Cuando un informe de producción no cuadra entre MES y ERP, la primera pregunta no es cuál de los dos sistemas tiene razón. La primera pregunta es si ambos valores describen el mismo objeto, durante el mismo periodo y con la misma regla. Una cantidad terminada en el MES puede representar ejecución confirmada en planta. El ERP puede mostrar una cantidad contabilizada después de aplicar cierres, conversiones, ajustes o estados empresariales. Compararlas sin ese contexto produce una diferencia que parece técnica, aunque a veces solo sea semántica.

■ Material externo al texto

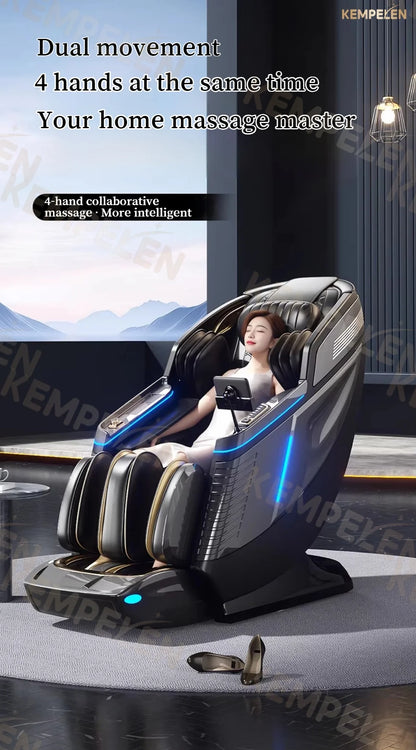 Dual-Core 4-Hand Massage Chair – Full Body Airbag Wrap, Optical Body Scan, Extended SL Track, Deep Leg & Foot Massage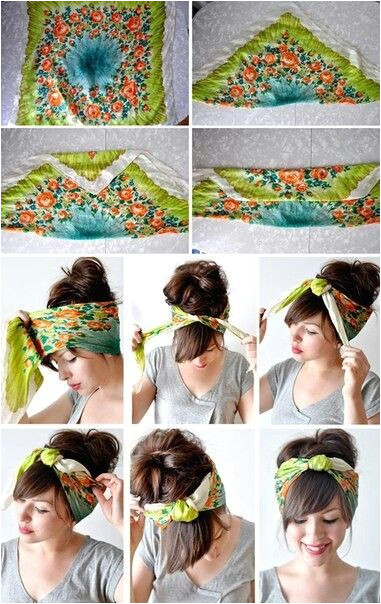 Pin up girl hair scarf DIY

El diagnóstico debe empezar con un caso pequeño: una orden, un lote, un material y una ventana cerrada. Hay que guardar los valores tal como aparecen, antes de corregirlos, junto con timestamps, unidades, estados y versiones de los datos maestros. Después se reconstruye el camino de cada cifra. Si el equipo empieza por exportar meses completos a una hoja, suele añadir más filas antes de entender la primera discrepancia.
ISA-95 explica el nivel 3 como el ámbito de gestión de operaciones de fabricación y el nivel 4 como planificación y logística empresarial. ISA-95 aporta el marco. Es un límite funcional, no una obligación de instalar productos concretos ni una pirámide física rígida. IEC 62264-1 describe actividades e interfaces entre esos niveles y busca aumentar la uniformidad terminológica y reducir riesgo, coste y errores de integración. La ficha oficial de IEC 62264-1 indica que la edición está bajo revisión, por lo que debe citarse con esa limitación.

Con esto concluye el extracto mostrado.